Ingredients

1 cup unbleached all-purpose flour 

1/4 cup cacao powder, such as Diaspora Anamalai 

1/2 teaspoon kosher salt (we use Diamond Crystal) 

1/2 teaspoon ground cinnamon 

1/4 teaspoon ground cardamom, such as Diaspora Bakara 

1/4 teaspoon freshly grated nutmeg, such as Diaspora Anamalai 

1/8 teaspoon ground cloves 

1 stick unsalted butter, softened 

1/4 cup granulated sugar 

1/4 cup packed light-brown sugar 

1 teaspoon pure vanilla extract 

1 cup confectioners' sugar 

2 to 4 tablespoons unsweetened coconut milk 

1/2 cup unsweetened shredded coconut, toasted 

Preparation

In a bowl, whisk together flour, cacao, salt, cinnamon, cardamom, nutmeg, and cloves. In a large bowl, beat butter with granulated and brown sugars until light and fluffy, 4 to 6 minutes. Add vanilla; beat 30 seconds more.

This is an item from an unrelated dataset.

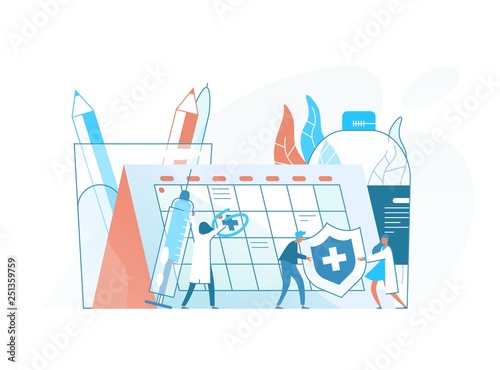 Tiny doctors, physicians or health care professionals, giant syringe with vaccine and calendar or schedule. Vaccination awareness, medicine and healthcare service. Colorful flat vector illustration.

Scrape down sides of bowl, then add flour mixture; beat on low until a cohesive dough forms. Turn out onto a large piece of plastic wrap. Fold plastic over dough and form into a log about 2 inches in diameter and 6 inches long. Refrigerate at least 2 hours and up to 1 day.

Preheat oven to 325°F. Using a sharp knife, slice dough into 1/2-inch-thick rounds, turning log slightly with each slice (this helps keep a round shape as you cut). Place rounds about 1 inch apart on parchment-lined baking sheets. Bake until firm in center and slightly darker around edges, 13 to 15 minutes. Let cool on sheets 5 minutes, then transfer to wire racks; let cool completely.

Stir together confectioners’ sugar and 2 tablespoons coconut milk in a small bowl until thick and pourable. (If glaze is too thick, add more coconut milk, 1 teaspoon at a time, until you reach desired consistency.) Hold a cookie over bowl and spoon glaze over half of it, letting excess drip back into bowl. Keep spooning glaze over cookie until it forms an even layer.

Return cookie to rack and sprinkle with toasted coconut down center edge of glaze. Repeat with remaining cookies. Let stand until glaze sets, 1 to 2 hours. Cookies can be stored in an airtight container at room temperature up to 3 days.